Citigroup: Stock Undeterred by a Hefty Tax Charge of $22 Billion
As a global banking leader for more than 20 years, Citigroup, Inc. (NYSE: C) posted a net income (on an operating basis) of $15.8bn in 2017 with an EPS of $1.28, 12% higher from 2016. This was the first time since the financial crisis of 2008 where earnings are more than their expectations.
The stock rallied to an all-time 10 year high of $80 on January 26, 2018. Total revenues in 2017 were up by 2%. Citi took a one time charge of $22bn (including $3bn in the repatriation of foreign funds) due to the Republican tax reform policy.
Citi stock is a favorite for shareholders and prospective investors as it has a steady EPS growth and is the cheapest of all banking stocks in the market. It is by far the largest of the top 10 banks in terms of EPS growth and P/E (according to Bloomberg Consensus). In terms of valuation, its stock is trading at a 22% discount and has a growing yield in its Corporate and Treasury bonds.
With a good performance in 2017, it is now noticeable that Citi has come out the volatile period of revenue growth. Even after getting hit by a $22bn tax charge, Citigroup stock rose by 1%, as it delivered good performance excluding the charge. The new tax rate will give a boost to its profits.
Along with this, Citigroup CEO has reiterated on its promise of returning at least $60bn to investors in the next few years through buyback and dividends.

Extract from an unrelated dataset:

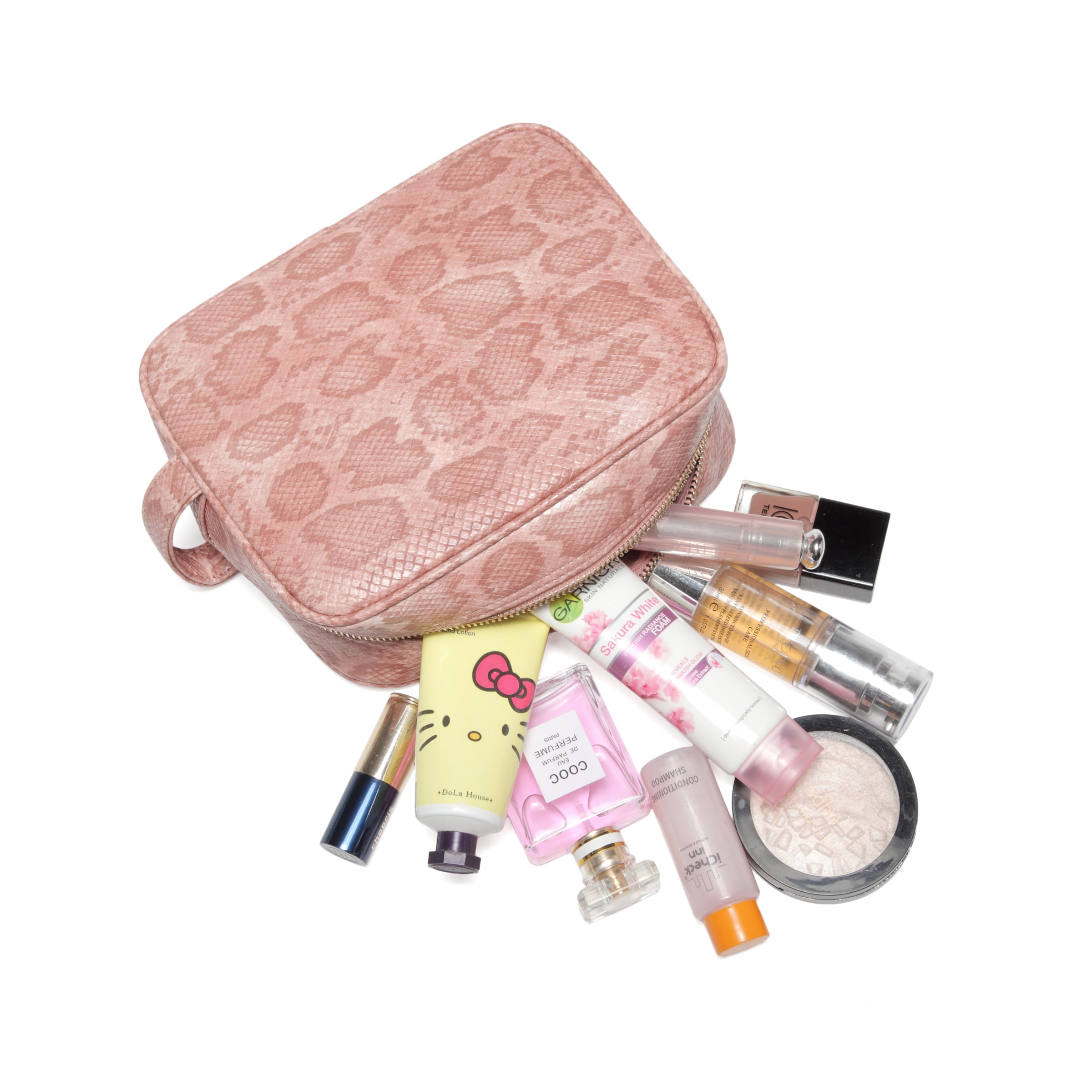 Daisy Rose Cosmetic Toiletry Bag PU Vegan Leather Travel Bag for Women - Pink Snake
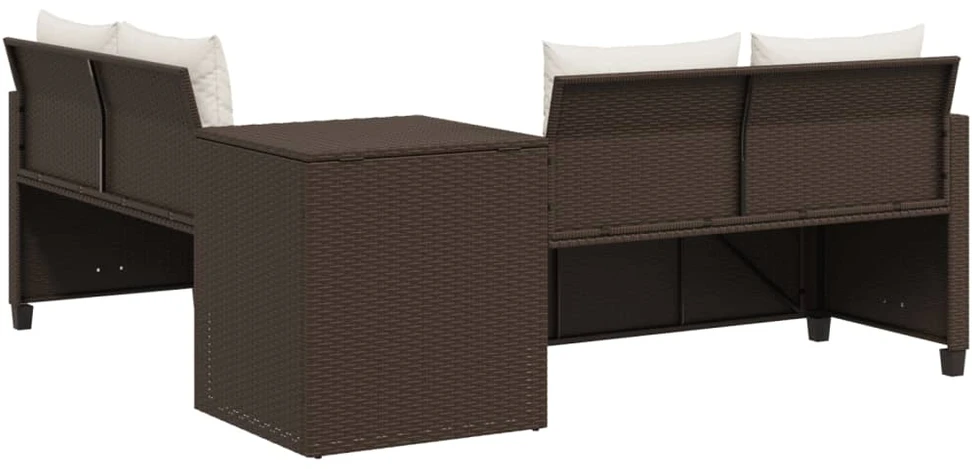Sodo sofa su stalu/pagalvėlėmis, ruda, poliratanas, L formos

Citigroup Dividends: An Interesting Tale
On January 18, 2018, Citigroup doubled its dividend of $0.16 to $0.32 after receiving Fed approval for its $15.6bn share buyback program. This is the largest ever share repurchase announced by Citi since its 2005 buyback of $15bn. In June 2016, Citigroup had boosted its dividends to $0.16 from $0.05 – a total three-fold rise.

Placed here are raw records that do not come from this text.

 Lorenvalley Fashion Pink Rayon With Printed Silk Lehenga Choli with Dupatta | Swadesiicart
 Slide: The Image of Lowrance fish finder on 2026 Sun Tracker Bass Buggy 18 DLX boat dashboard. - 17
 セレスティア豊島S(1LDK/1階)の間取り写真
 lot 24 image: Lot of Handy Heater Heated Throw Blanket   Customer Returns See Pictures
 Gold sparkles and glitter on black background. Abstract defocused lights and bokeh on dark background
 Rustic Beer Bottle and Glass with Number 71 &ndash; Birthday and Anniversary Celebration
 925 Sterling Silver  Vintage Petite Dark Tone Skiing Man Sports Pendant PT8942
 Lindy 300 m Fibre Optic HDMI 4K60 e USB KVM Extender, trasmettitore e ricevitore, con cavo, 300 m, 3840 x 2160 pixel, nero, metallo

Prior to the financial depression in 2008-09, Citigroup was known for paying high dividends to the tune of $5.4 per share. During the crisis, it slashed its dividend down to $0.1 in February 2009 and did not pay any till June 2011. Post this, it kept its payout at a minuscule $0.01 till 2015 when it finally raised it to $0.05. Its current dividend yield is 1.88% and shareholders can expect an upward momentum in his regard.
Where Does Citi Stand with other Top Banks?
Comparing Citigroup with Bank of America, both have performed well in terms of their stock rise in 2017. Citigroup has increased 15% while Bank of America has grown by 26%. Citi’s forward earnings multiple is less than 10 while BAC is at 11%. Both banks provide a decent dividend yield of more than 1.5%, with Citi’s slightly higher at 1.87%. This makes Citigroup a better buy.
The impending trade war due to Trump’s policy also had an impact on Citigroup shares due to its geographic exposures (it has banking licenses in more than 100 countries). Hence, its stock growth was down last year compared to JPMorgan Chase (NYSE: JPM) and Bank of America (NYSE: BAC).